New Study Measures Ohio’s Progressive Yet Inadequate School Funding Gap

Jan. 22, 2019

Nationally, Ohio ranks 15th in per pupil spending. Even though Ohio does a better job than almost all other states in directing school funding to poor and minority students, a new study by researchers with The Ohio State University’s C. William Swank Program in Rural-Urban Policy shows there is still much to be done to achieve funding adequacy and equity across  school districts in Ohio. 

Led by Mark Partridge, Swank Chair and professor in the College of Food, Agriculture, and Environmental Sciences’ Department of Agricultural, Environmental, and Development Economics, the study recognizes the state’s progressive efforts to promote equal opportunities for all students. The in-depth policy paper uses maps and detailed visuals to paint the picture of widespread funding gaps across the state. It also identifies and displays funding shortfalls and offers policy suggestions that could level the playing field across districts in Ohio.

Bo Feng, Assistant Professor of Economics and Director of Center for Business and Economic Research at Marshall University, is a co-author of the study. He says research supports the premise that school performance is linked to funding adequacy but demographics, socioeconomic status and the percentage of minority students in the district are also at play.

Nationally, reforms in the school funding system at the start of the 21st century, coined the ‘adequacy era,’ focused on increasing spending for disadvantaged populations. This increased student performance but didn’t go far enough for them to be on par with advantaged peers.

Using the Performance Index (PI) from the Ohio Department of Education, study researchers estimated that in 2017, 329,742 students in 34 school districts require more funding to achieve a passing grade of PI 60%.

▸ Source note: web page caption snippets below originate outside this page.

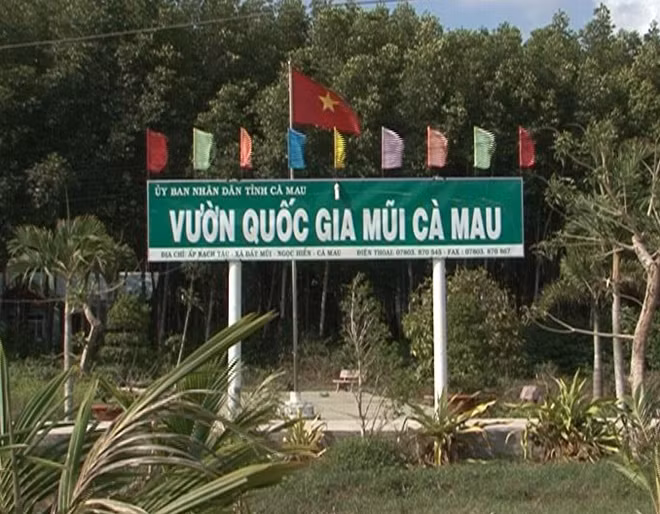 Vườn Quốc gia Mũi Cà Mau.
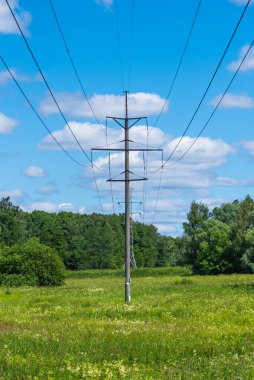 Yaz manzarası. Yüksek voltajlı elektrik hattı. Kırsal alandaki çayırların içinden geçiyor.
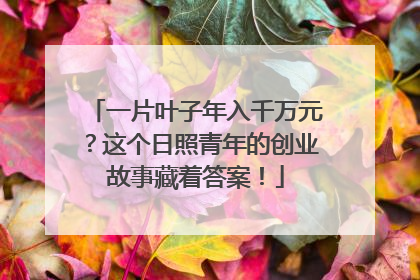 一片叶子年入千万元？这个日照青年的创业故事藏着答案！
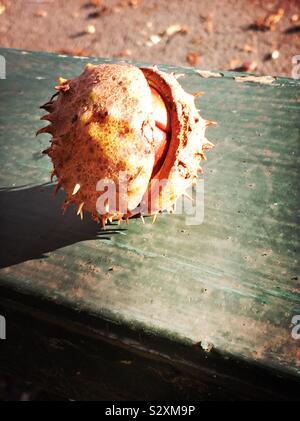 Un conker nel suo involucro pungenti, da un cavallo castagno (Aesculus hippocastanum) in autunno Foto Stock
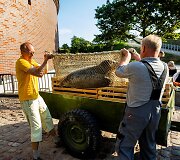 Į audringą jūrą pirmadienį paleisti ruoniukai.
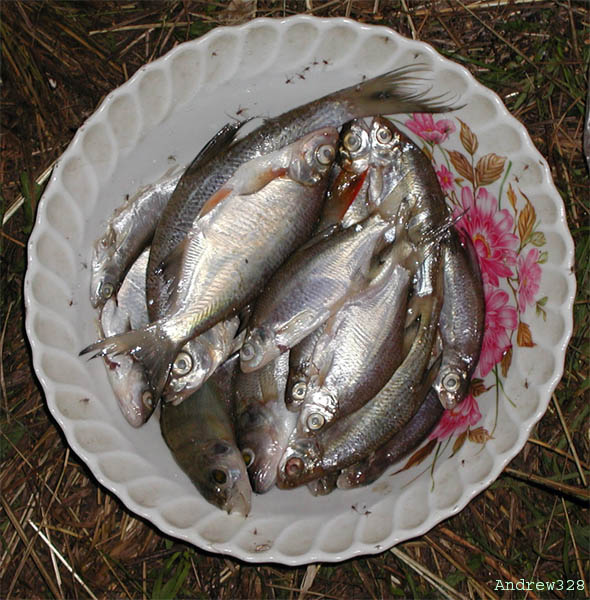Рыбья доля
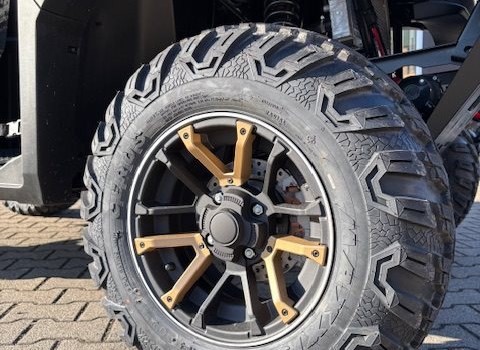 Gebrauchtmotorrad TGB Landmax 1000 ABS - Bild 17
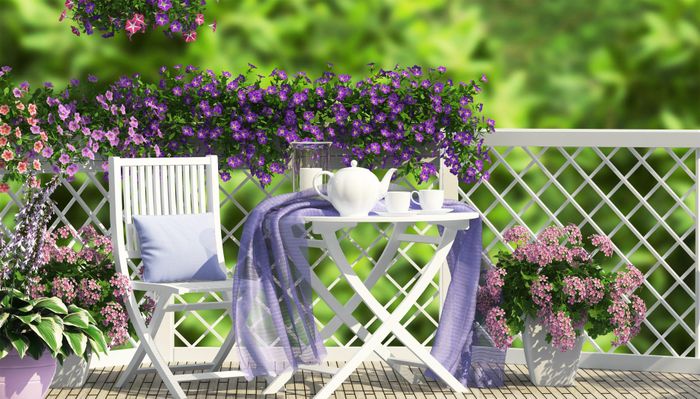 Ảnh: Shutterstock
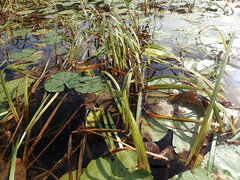 Sparganium americanum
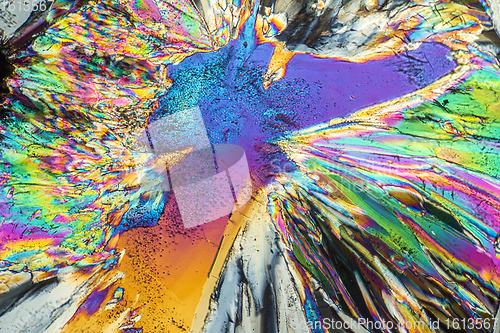 Image of Trisodium citrate microcrystals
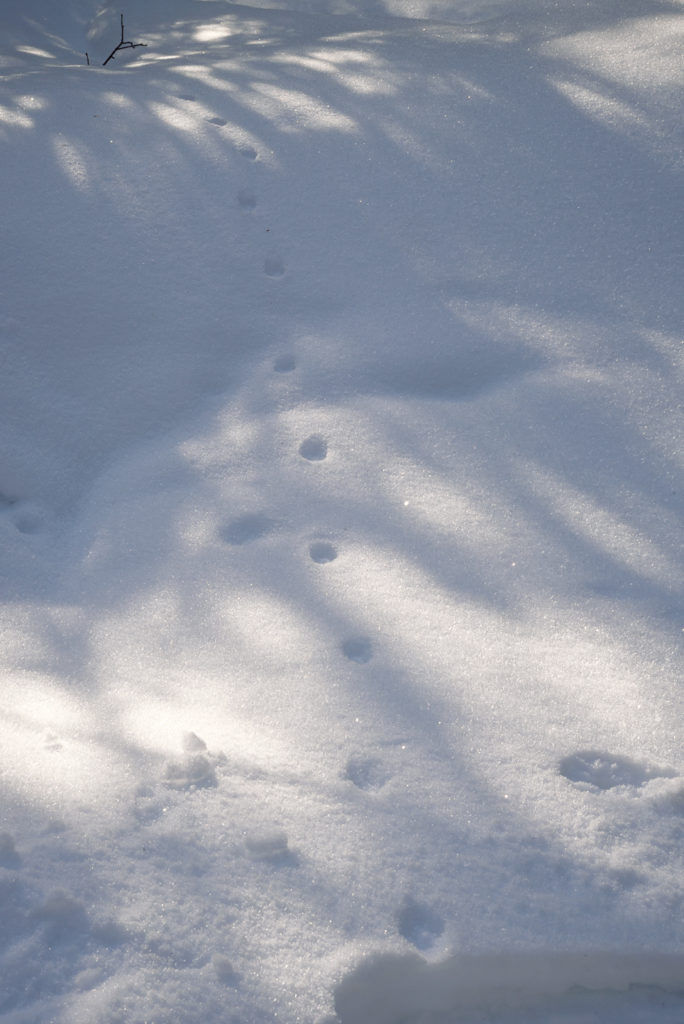 Traces de pattes d'animaux dans la neige au Ballon d'Alsace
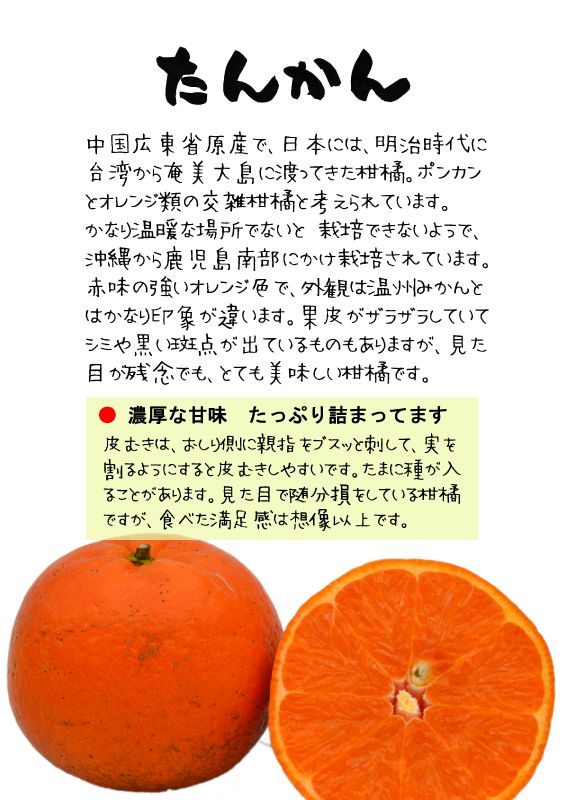 たんかん　タンカン　TX｜心にチクっとささるワードで作る「ちくわPOP（ちくわぽっぷ）」｜農産物直売所やスーパーの青果売り場の活性化に！農に特化したPOPが無料!!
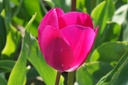 Tulipa Gabor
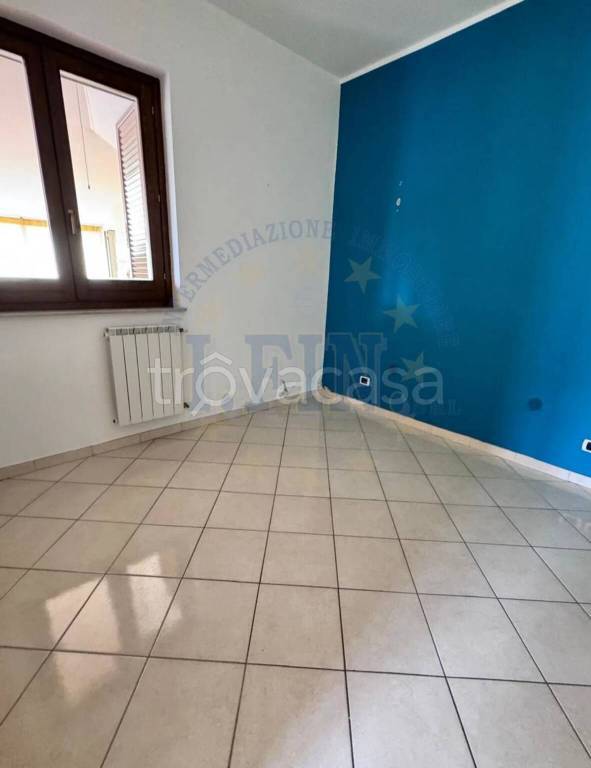 immagine annuncio 6 di 14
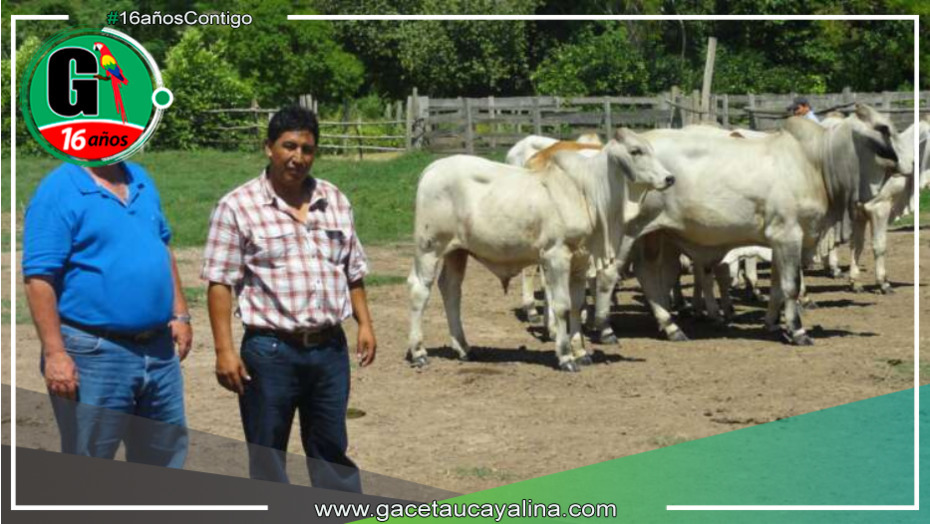 Mesa técnica de ganaderos exige acción inmediata al Gobierno Regional de San Martín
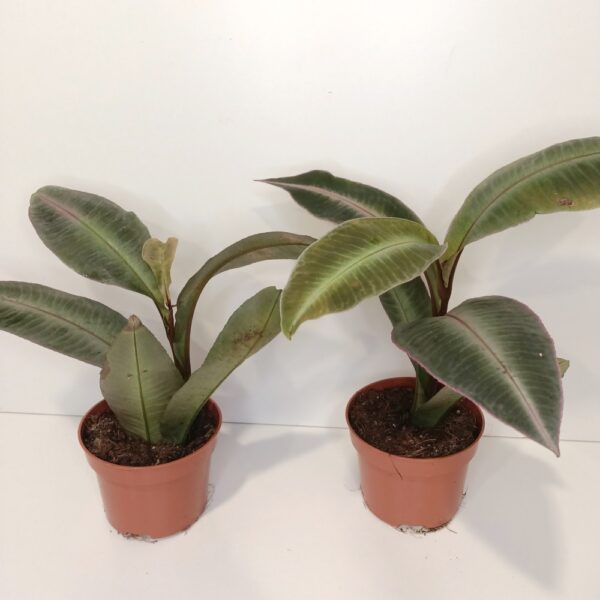 Labisia Pumila IIgat.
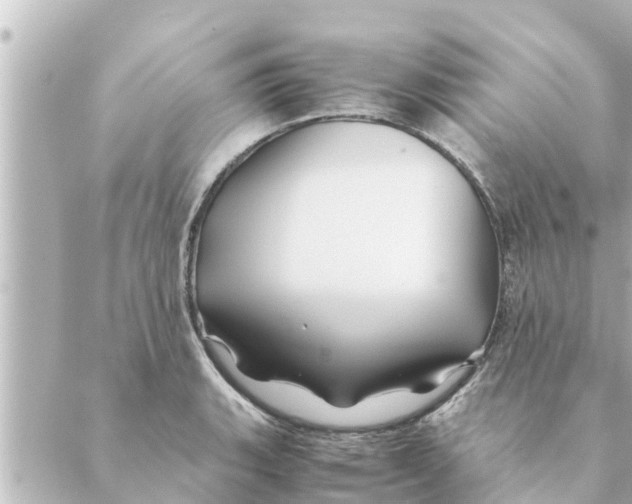 X0000088621135200706221449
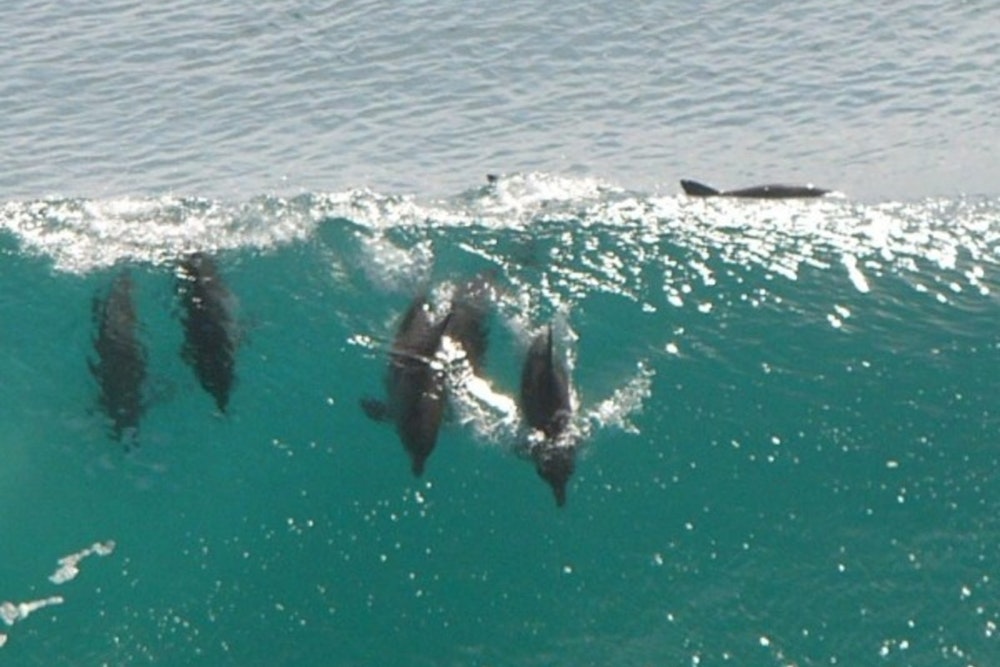Dolphin Death Toll Soars in Los Angeles as Toxic Algae Bloom Ravages Southern California Marine Life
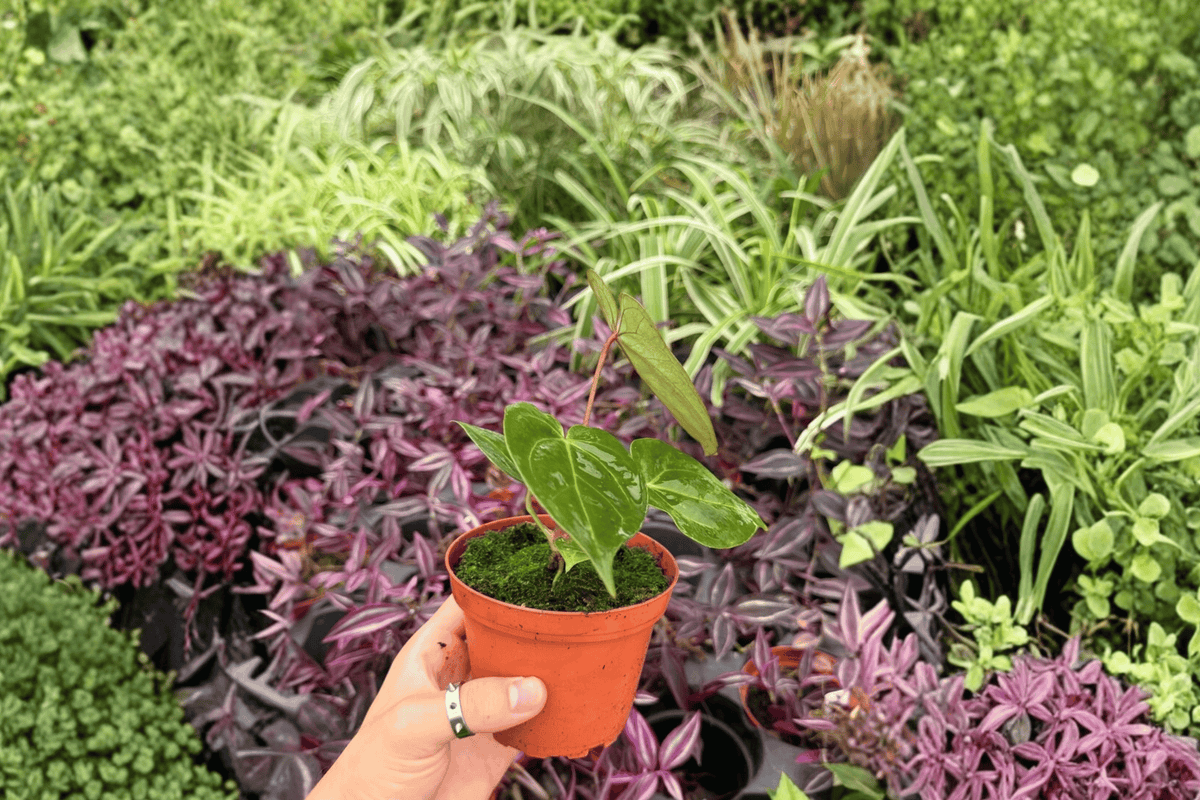 Anthurium Blue Xone × Dressleri 2 Exact Live Plants – Anthurium Hybrid 4” Size Bare Root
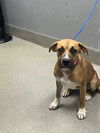 adoptable Dog in  named MACKONIE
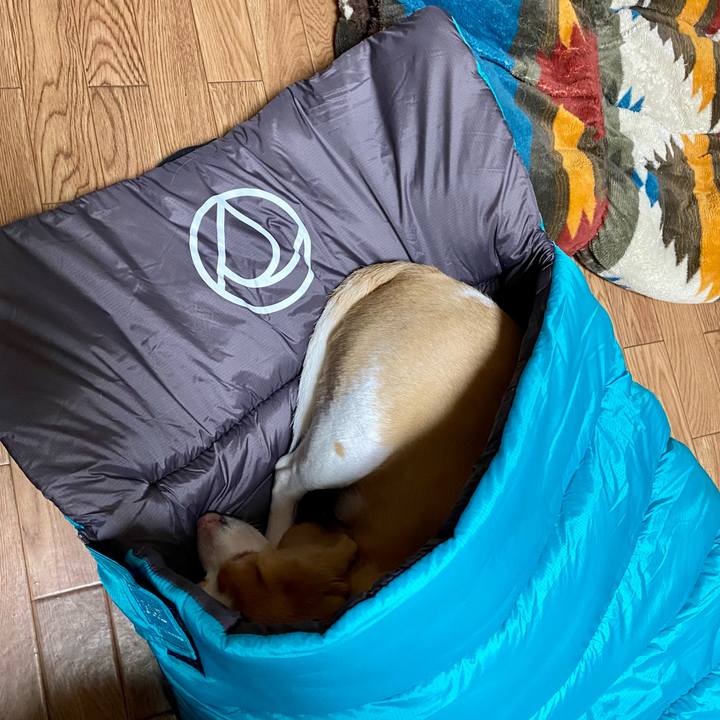 6fcf2485 111b 4e59 850e 3f47ce8e6b78 1651099287152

“The average funding gap per pupil in underfunded districts is $32,251,” says Feng.” This amounts to $10.6 billion a year for them to catch up with their peers, which is certainly not feasible.”

That number is calculated under the assumption that money is the only tangible resource that can be provided to those disadvantaged kids.

The study asserts the way forward should include three key initiatives: the state should reevaluate its funding formula to funnel funds to poorer districts. The state should reevaluate the funding system to account for the fact that the current system does not recognize that appreciation of property values does not translate into actual greater revenue for districts because House Bill 290 separates property value increases from taxes collected on those properties. In addition, the state should strive to increase its share of funding to take some burden from local property owners. Additionally, the state should increase its overall economic development through enhancing its investment in K-12 education in regions that lack funding capacity.

Study co-author Rodrigo Perez-Silva, Assistant Professor within the Center of Economics and Social Policy of Universidad Mayor in Chile says that since education budgets are always a soft target for cutback threats during fiscal challenges, the state coming up with additional funds to buy its way out of the funding gap is not feasible. A new mindset on education is needed.

“It might be the time to rethink the nature of education, says Perez-Silva. “And look at it not only as a right or an expense, but rather a major investment that would lead to economic and social prosperity in the future.”

Study authors add that improving K-12 education would strengthen the growth of local economy through an increase in both quality and quantity of local labor supply. A strategic approach of growing the local economy entails playing the long game by investing more in education today.